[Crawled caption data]
┄┄┄┄┄┄┄┄┄┄┄┄┄┄┄┄┄┄┄┄

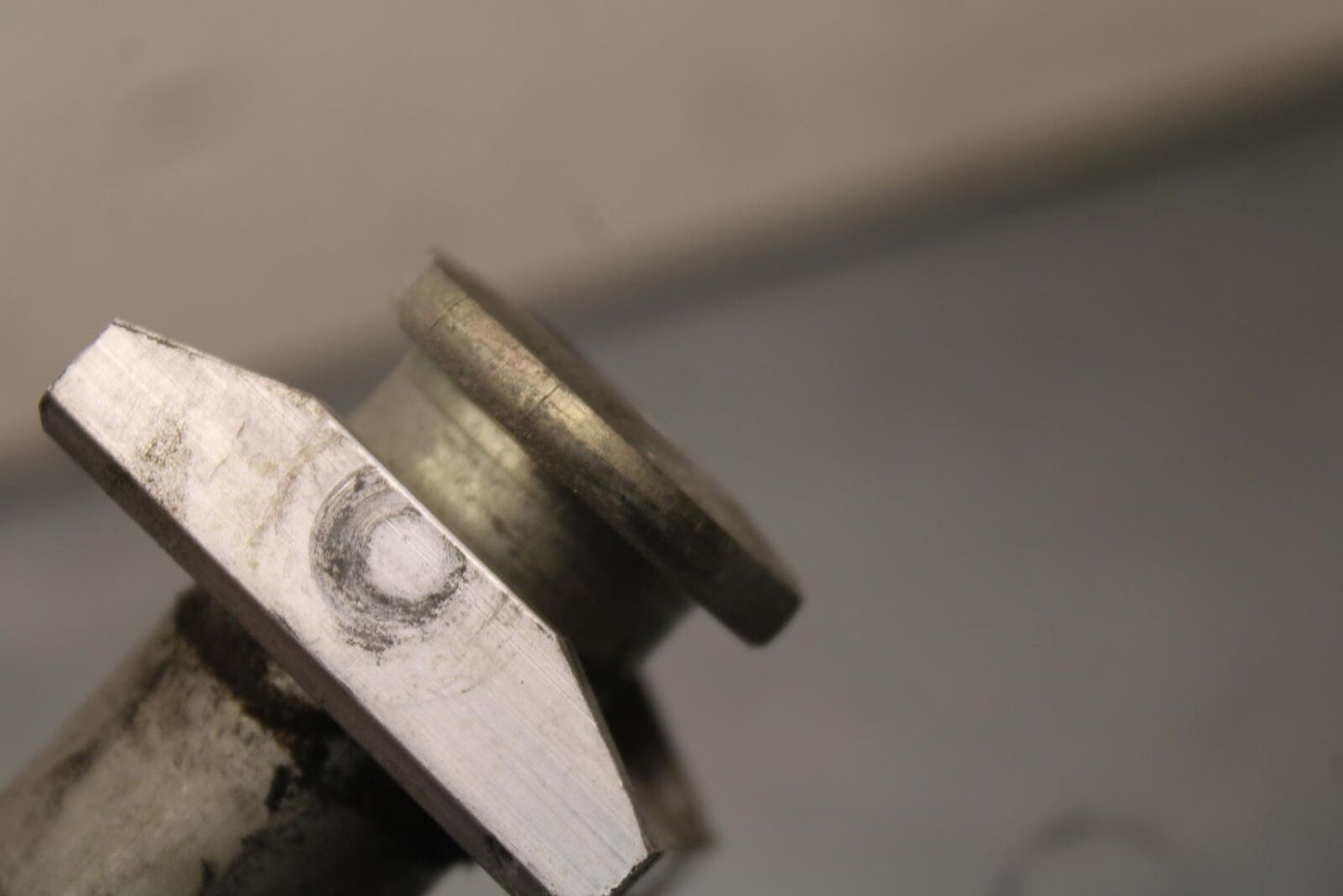 09-12 KAWASAKI NINJA ZX6R REAR AXLE WHEEL RIM PIVOT BOLT AXEL 41068-0613 BB640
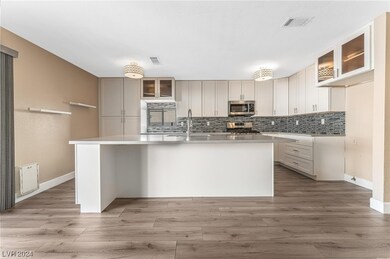 Fully upgraded kitchen with stainless steel applia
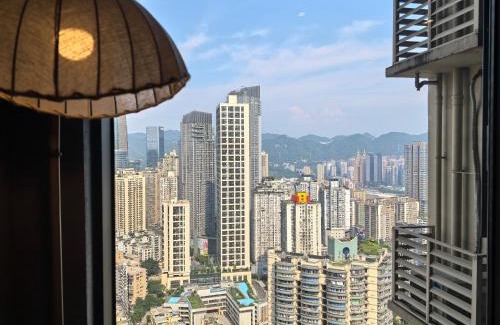 Yuzhong Apartment | 重庆解放碑阳崽民宿高层新中式景观Youngzai Apt in Jiefangbei 5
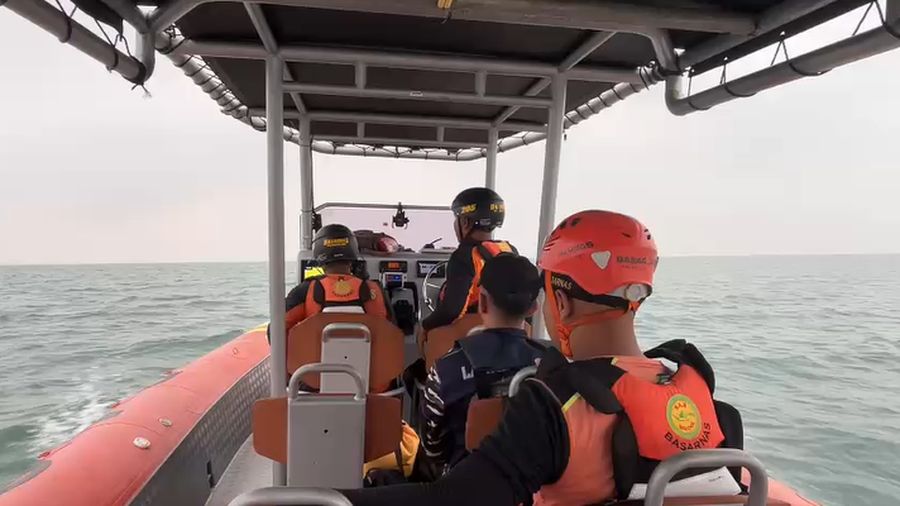 Operasi SAR kecelakaan KM Virgo Transport 8 di perairan Laut Jawa terus berlanjut. Pada Selasa, 29 September 2026, Tim Penyelam Gabungan yang terdiri dari Basarnas, TNI AL, dan Potensi SAR kembali melakukan penyelaman untuk mencari dan mengevakuasi k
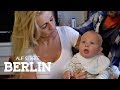 Mutter völlig überfordert: Baby schreit seit 2 Stunden | Auf Streife - Berlin | SAT.1 TV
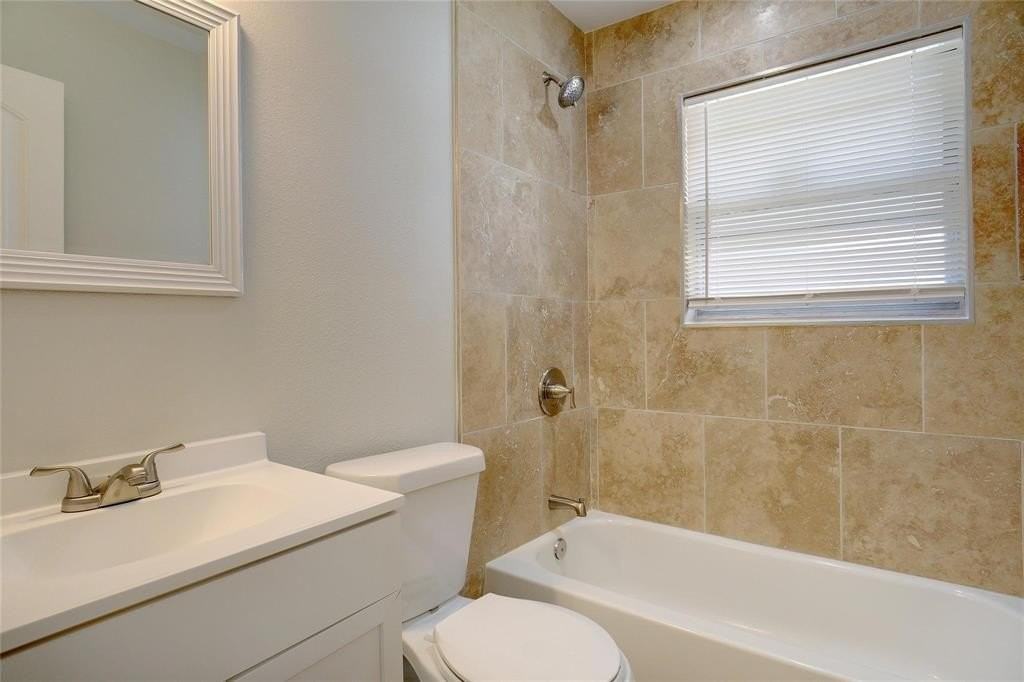 1201 E Park Dr - Photo 7 of 18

┄┄┄┄┄┄┄┄┄┄┄┄┄┄┄┄┄┄┄┄

None of the pictures should appear, though every line of the data above must be reproduced exactly.

 09-12 KAWASAKI NINJA ZX6R REAR AXLE WHEEL RIM PIVOT BOLT AXEL 41068-0613 BB640
 Fully upgraded kitchen with stainless steel applia
 Yuzhong Apartment | 重庆解放碑阳崽民宿高层新中式景观Youngzai Apt in Jiefangbei 5
 Operasi SAR kecelakaan KM Virgo Transport 8 di perairan Laut Jawa terus berlanjut. Pada Selasa, 29 September 2026, Tim Penyelam Gabungan yang terdiri dari Basarnas, TNI AL, dan Potensi SAR kembali melakukan penyelaman untuk mencari dan mengevakuasi k
 Mutter völlig überfordert: Baby schreit seit 2 Stunden | Auf Streife - Berlin | SAT.1 TV
 1201 E Park Dr - Photo 7 of 18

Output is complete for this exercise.